RECORDS Start Marker

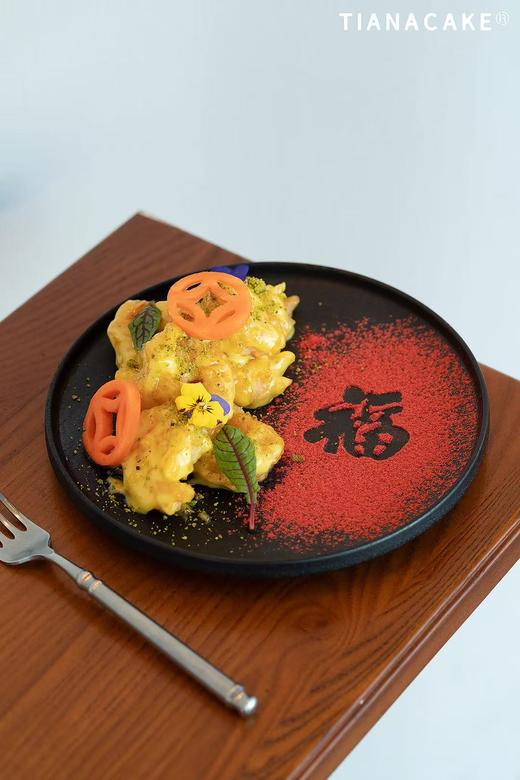 蜂蜜黄芥大虾 商品图1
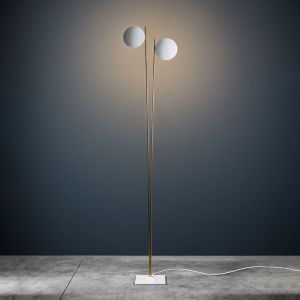 Catellani & Smith Lederam F2 LED-Stehleuchte bei lampenonline.de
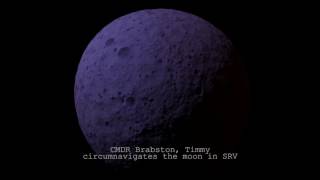 The Plan To Circumnavigate A Moon - 3.1.3303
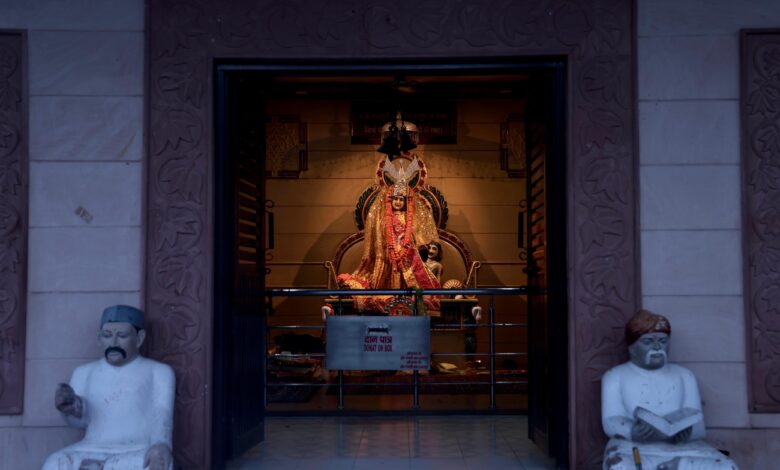 आस्था का डिजिटलीकरण: श्री मंदिर ने बगलामुखी धाम को विकास, विस्तार और विश्वभर के भक्तों से जोड़ा आस्था का डिजिटलीकरण: श्री मंदिर ने बगलामुखी धाम को विकास, विस्तार और विश्वभर के भक्तों से जोड़ा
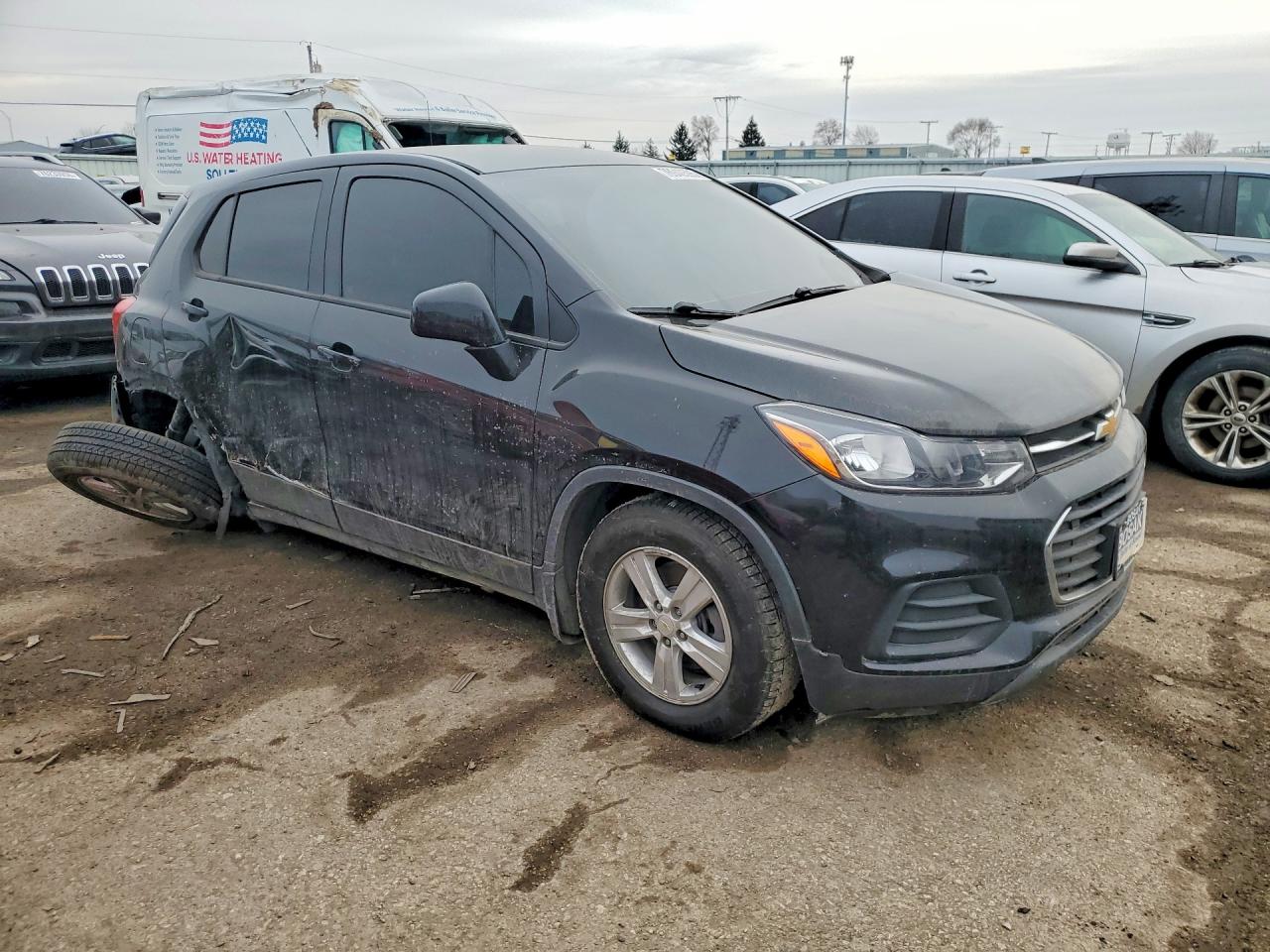 2020 CHEVROLET TRAX LS photo 7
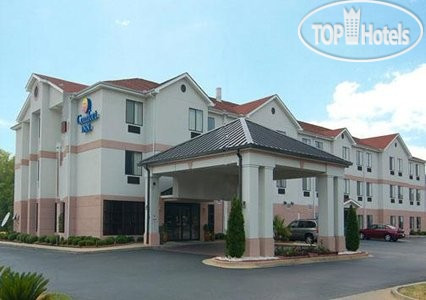 Hotel photo Comfort Inn Montgomery 2*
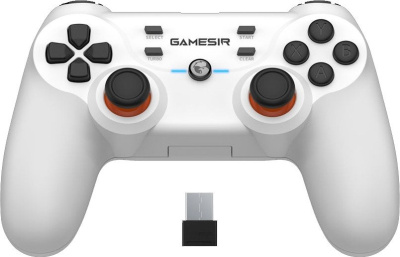 Купить геймпад gamesir t3s (белый) в интернет-магазине X-core.by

RECORDS End Marker

WORK REQUEST >>
Output the entries above exactly. Do not include the pictures.

RESPONSE TO THE EXERCISE >>
 蜂蜜黄芥大虾 商品图1
 Catellani & Smith Lederam F2 LED-Stehleuchte bei lampenonline.de
 The Plan To Circumnavigate A Moon - 3.1.3303
 आस्था का डिजिटलीकरण: श्री मंदिर ने बगलामुखी धाम को विकास, विस्तार और विश्वभर के भक्तों से जोड़ा आस्था का डिजिटलीकरण: श्री मंदिर ने बगलामुखी धाम को विकास, विस्तार और विश्वभर के भक्तों से जोड़ा
 2020 CHEVROLET TRAX LS photo 7
 Hotel photo Comfort Inn Montgomery 2*
 Купить геймпад gamesir t3s (белый) в интернет-магазине X-core.by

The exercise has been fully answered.